▶ Work task: Begin at the top of the records and copy each line exactly. The line containing "Hada Labo Tokyo" is the last one to include.

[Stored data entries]
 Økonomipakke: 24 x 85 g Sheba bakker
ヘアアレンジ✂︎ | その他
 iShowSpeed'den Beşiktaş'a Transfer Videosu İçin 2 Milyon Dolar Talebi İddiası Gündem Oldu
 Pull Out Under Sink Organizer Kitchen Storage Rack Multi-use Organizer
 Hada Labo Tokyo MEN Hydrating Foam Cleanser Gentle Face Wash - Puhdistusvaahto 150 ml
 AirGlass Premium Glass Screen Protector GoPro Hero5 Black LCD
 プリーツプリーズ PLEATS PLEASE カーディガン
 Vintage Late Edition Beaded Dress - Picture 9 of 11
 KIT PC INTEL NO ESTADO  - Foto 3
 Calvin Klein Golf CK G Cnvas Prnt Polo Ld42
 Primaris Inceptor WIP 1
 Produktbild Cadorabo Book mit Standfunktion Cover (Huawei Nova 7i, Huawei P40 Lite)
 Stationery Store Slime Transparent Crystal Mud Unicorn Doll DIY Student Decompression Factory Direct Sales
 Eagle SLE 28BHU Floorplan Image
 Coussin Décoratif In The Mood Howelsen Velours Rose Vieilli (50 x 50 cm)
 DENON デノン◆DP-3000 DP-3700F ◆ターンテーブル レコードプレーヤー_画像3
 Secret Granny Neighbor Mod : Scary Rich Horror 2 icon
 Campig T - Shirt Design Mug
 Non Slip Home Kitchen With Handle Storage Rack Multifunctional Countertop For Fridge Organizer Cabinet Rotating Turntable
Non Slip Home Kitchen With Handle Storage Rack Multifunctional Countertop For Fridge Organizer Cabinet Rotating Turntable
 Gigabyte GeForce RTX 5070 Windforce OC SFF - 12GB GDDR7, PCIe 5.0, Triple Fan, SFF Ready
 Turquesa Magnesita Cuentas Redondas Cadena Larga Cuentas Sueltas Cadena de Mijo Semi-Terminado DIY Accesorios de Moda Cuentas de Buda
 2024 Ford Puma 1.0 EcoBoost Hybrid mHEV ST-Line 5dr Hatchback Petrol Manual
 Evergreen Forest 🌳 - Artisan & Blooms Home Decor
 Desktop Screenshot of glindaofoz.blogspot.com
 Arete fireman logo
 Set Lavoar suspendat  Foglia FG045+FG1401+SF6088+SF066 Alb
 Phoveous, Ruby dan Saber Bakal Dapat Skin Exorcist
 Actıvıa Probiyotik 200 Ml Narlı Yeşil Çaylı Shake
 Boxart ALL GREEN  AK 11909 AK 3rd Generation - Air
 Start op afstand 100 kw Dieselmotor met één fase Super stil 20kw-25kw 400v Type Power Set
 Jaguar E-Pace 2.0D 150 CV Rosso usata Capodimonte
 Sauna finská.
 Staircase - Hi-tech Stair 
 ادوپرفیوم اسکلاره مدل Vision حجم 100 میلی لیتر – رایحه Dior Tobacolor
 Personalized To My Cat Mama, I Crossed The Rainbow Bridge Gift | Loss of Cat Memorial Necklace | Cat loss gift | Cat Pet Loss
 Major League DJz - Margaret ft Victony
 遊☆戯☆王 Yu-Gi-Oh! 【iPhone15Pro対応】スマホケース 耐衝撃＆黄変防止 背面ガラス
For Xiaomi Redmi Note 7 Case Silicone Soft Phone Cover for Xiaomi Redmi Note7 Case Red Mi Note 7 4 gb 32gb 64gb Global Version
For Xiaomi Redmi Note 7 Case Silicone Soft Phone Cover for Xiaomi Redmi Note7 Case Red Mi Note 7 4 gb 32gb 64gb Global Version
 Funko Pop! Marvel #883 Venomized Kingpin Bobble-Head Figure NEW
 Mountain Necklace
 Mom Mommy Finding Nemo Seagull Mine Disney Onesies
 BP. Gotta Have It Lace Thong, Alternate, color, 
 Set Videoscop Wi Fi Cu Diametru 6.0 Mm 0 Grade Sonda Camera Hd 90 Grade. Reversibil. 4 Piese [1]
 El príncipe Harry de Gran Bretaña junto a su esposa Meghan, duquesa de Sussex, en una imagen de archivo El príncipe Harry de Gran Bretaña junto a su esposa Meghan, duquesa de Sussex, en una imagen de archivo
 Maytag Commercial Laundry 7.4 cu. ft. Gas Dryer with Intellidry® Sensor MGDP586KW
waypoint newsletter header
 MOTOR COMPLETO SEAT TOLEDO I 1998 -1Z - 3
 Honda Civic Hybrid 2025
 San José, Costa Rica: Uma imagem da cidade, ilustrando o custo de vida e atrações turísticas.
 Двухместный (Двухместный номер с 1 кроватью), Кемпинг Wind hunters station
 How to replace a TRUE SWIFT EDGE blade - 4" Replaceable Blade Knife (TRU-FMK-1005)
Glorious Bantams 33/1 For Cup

▶ Response below:
 Økonomipakke: 24 x 85 g Sheba bakker
ヘアアレンジ✂︎ | その他
 iShowSpeed'den Beşiktaş'a Transfer Videosu İçin 2 Milyon Dolar Talebi İddiası Gündem Oldu
 Pull Out Under Sink Organizer Kitchen Storage Rack Multi-use Organizer
 Hada Labo Tokyo MEN Hydrating Foam Cleanser Gentle Face Wash - Puhdistusvaahto 150 ml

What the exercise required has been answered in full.